Dealer muss man sein. Ganz Ehrlich? Der Angeschissene ist der normal Arbeitende Zahlende Bürger. Da Laufen Die Ämter Amok wenn wegen 50.- etwas in der Steuererklärung nicht stimmt. Macht Mans schwarz, wird man noch belohnt.

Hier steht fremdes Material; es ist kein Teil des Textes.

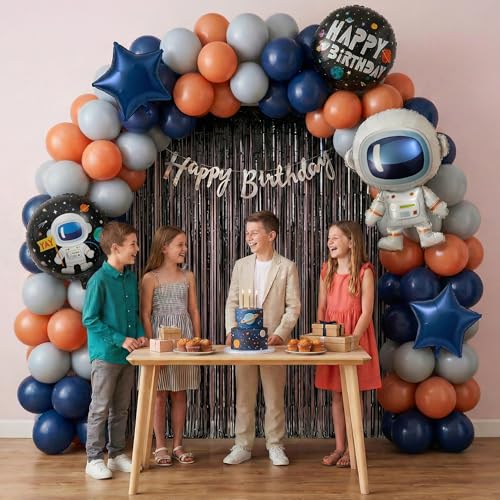 Image of Just Party Space Theme Happy Birthday Decoration Kit - Pack of 65 | Astronaut Theme Birthday Decorations for Kids | Moon & Stars Foil Balloons | Balloons for Birthday Decoration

Ich staune jeweils, wenn ich im Ausgang sehe wie viele 20 - 30 jährige Männer mit überproportional grosser Brust- Schulter- und Oberarmmuskulatur unterwegs sind. Die Bewegungen dieser Personen sehen in meinen Augen jeweils massiv dysfunktional aus.
Normalerweise:
Die Staatsanwaltschaft stellt einen Antrag auf Untersuchungshaft beim Zwangsmassnahmengericht. Dort entscheidet ein RICHTER über diese Massnahme. Eine Untersuchungshaft von über zwei Jahre bedarf indes einer mehrmaligen Verlängerung der Untersuchungshaft. Er wurde also sicher mehrmals einem Richter vorgeführt. Bei der Verhandlung vor dem ZMG kann der Beschuldigte seinen Standpunkt schildern.
War das hier in der Tat nicht so? Kann ich mir nicht vorstellen.